▶ DESCRIPTION OF THE TASK
Since the records include pictures, leave those out while you reproduce exactly and only the lines from the one containing "load in Blockchain" through the one containing "Изображение корейской новостной статьи", inclusive.

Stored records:
# # # # # # #
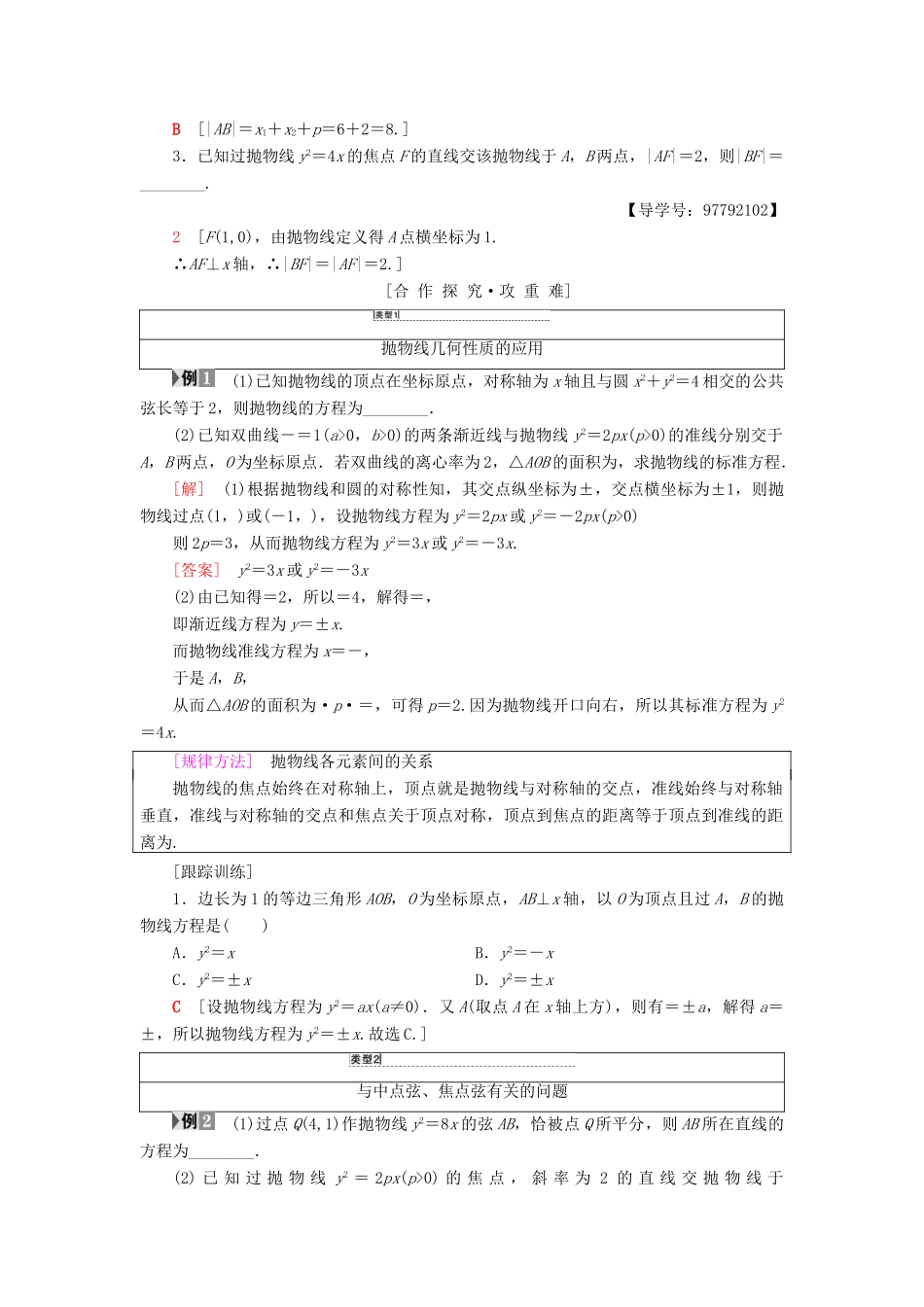 高中数学 第二章 圆锥曲线与方程 2.3 抛物线 2.3.2 抛物线的简单几何性质学案 新人教A版选修1-1-新人教A版高二选修1-1数学学案_第2页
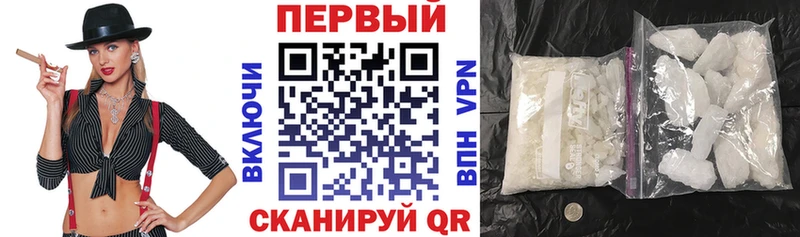 АМФ VHQ Калининец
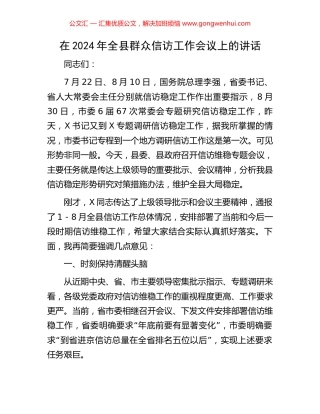 在2024年全县群众信访工作会议上的讲话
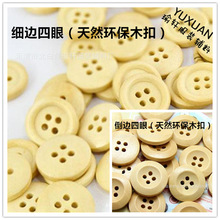 厂家木头细边四眼木头扣/深咖色衬衫针织毛线钮扣木质扣四眼扣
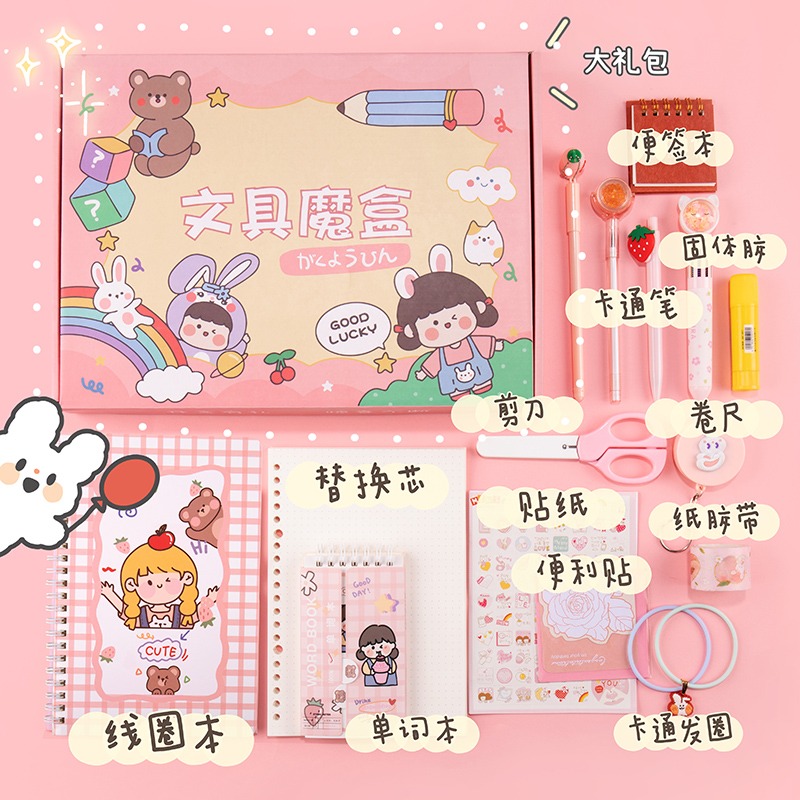 兒童生日禮物女孩10歲12小學生十9的8小6盲盒7期末考試獎品獎勵男-細節圖3
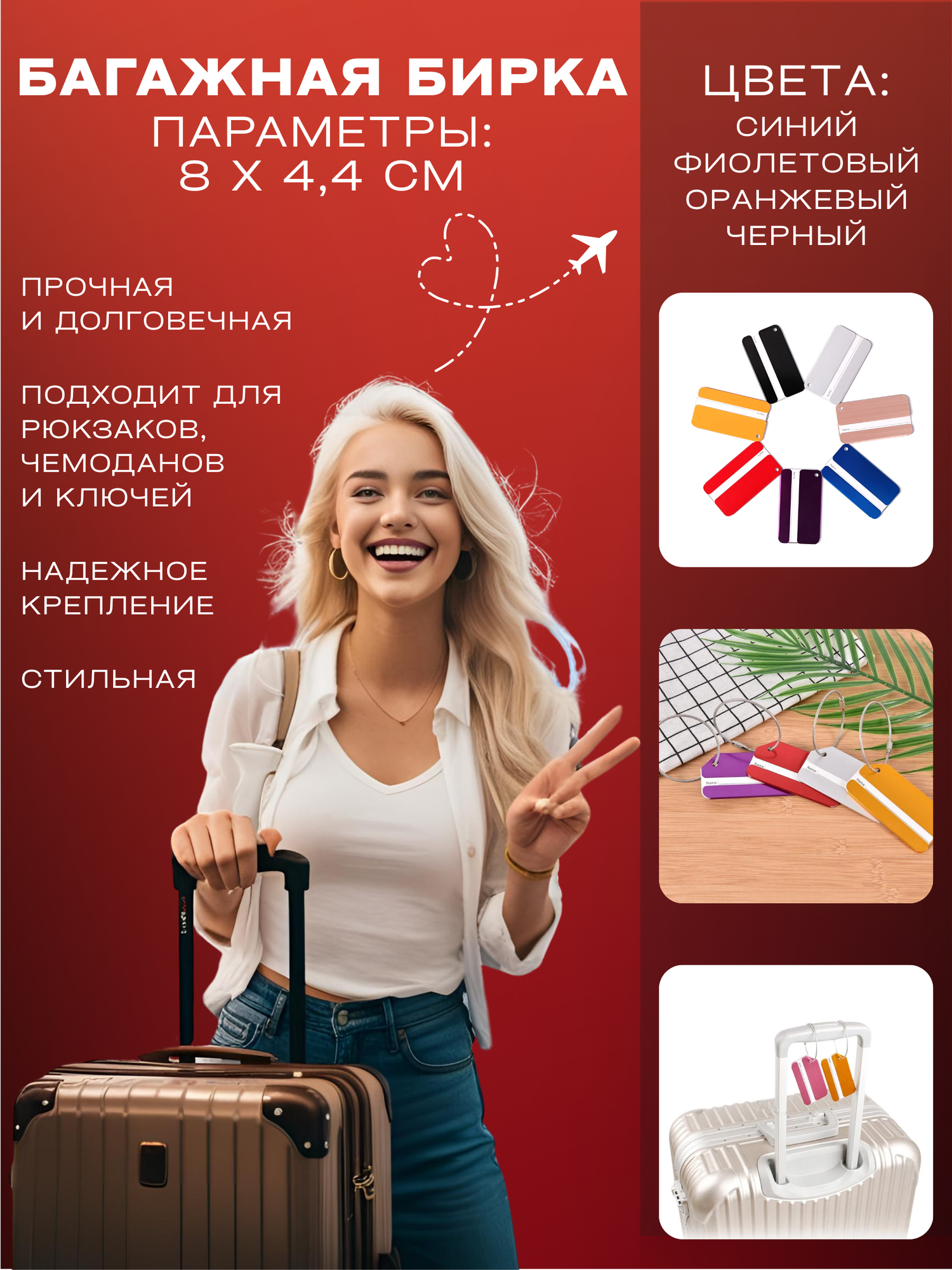 Бирка для багажа , черный — фото 1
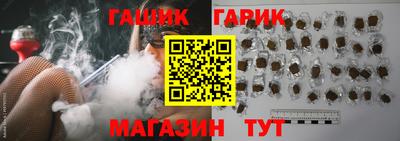 таблы Чебаркуль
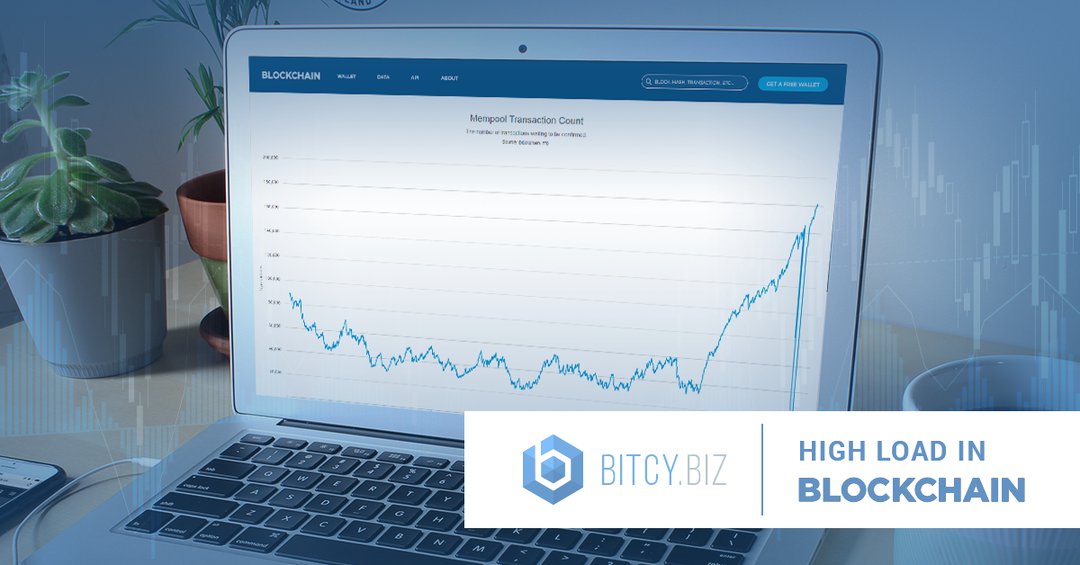 📢 High load in Blockchain
#Blockchain #bitcoin #BTC #Deluxe #start #Bitfinex #money #deposit #registration goo.gl/KReQM6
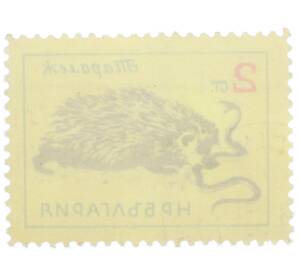 Почтовая марка 2 стотинки 1963 года Болгария «Восточноевропейский еж» — Фото №2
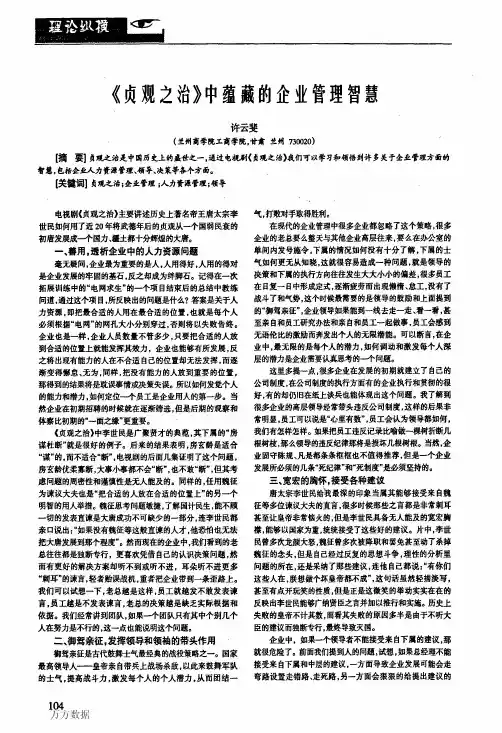 《贞观之治》+中蕴藏的企业管理智慧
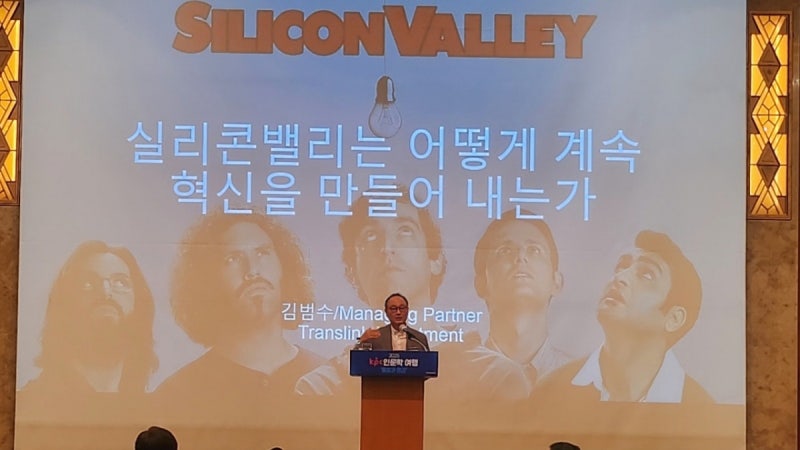 Изображение корейской новостной статьи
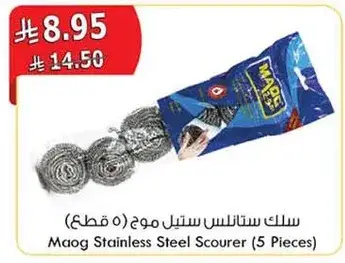 سلك ستانلس ستيل موح 5 قطع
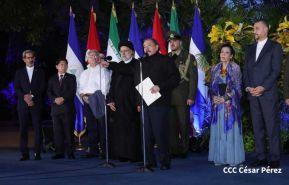 Presidente Daniel Ortega y Vicepresidenta Rosario Murillo en encuentro con el Presidente de Irán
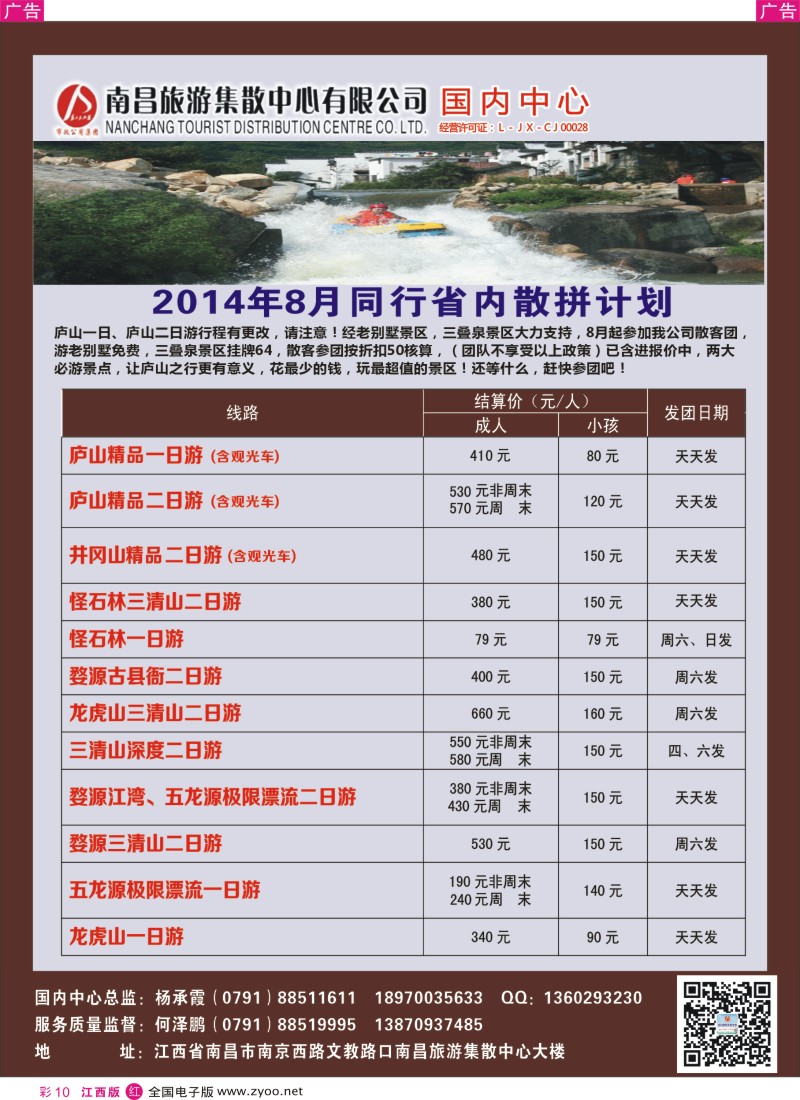 r彩010  南昌集散中心—省内旅游专线7月份同业计划
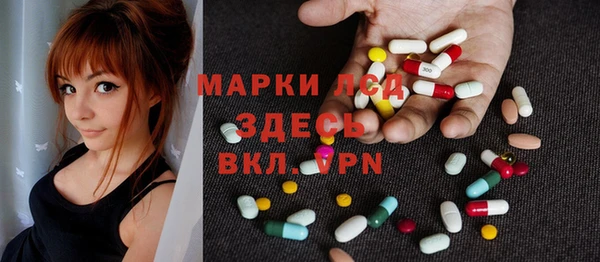 метадон Аркадак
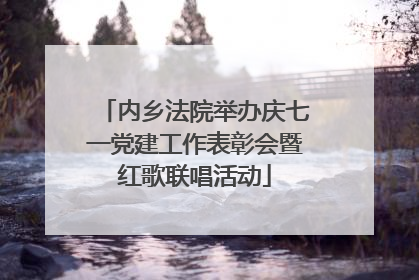 内乡法院举办庆七一党建工作表彰会暨红歌联唱活动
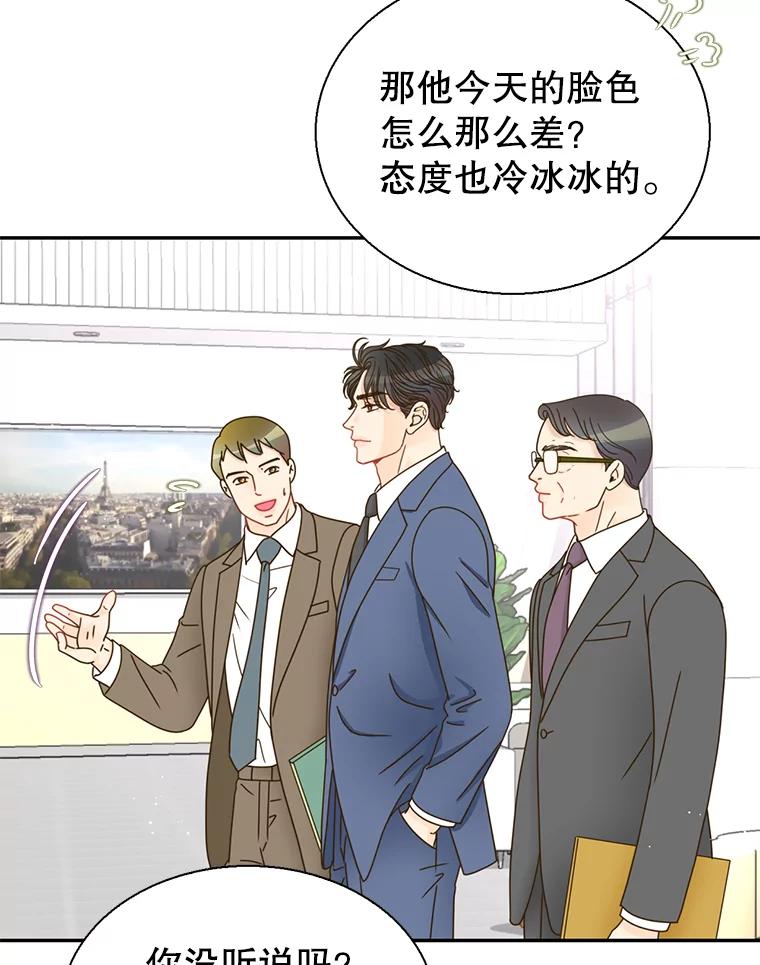 《难以拒绝的他》76.新公司 第46页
# # # # # # #
▶ YOUR SOLUTION
 📢 High load in Blockchain
#Blockchain #bitcoin #BTC #Deluxe #start #Bitfinex #money #deposit #registration goo.gl/KReQM6
 Почтовая марка 2 стотинки 1963 года Болгария «Восточноевропейский еж» — Фото №2
 《贞观之治》+中蕴藏的企业管理智慧
 Изображение корейской новостной статьи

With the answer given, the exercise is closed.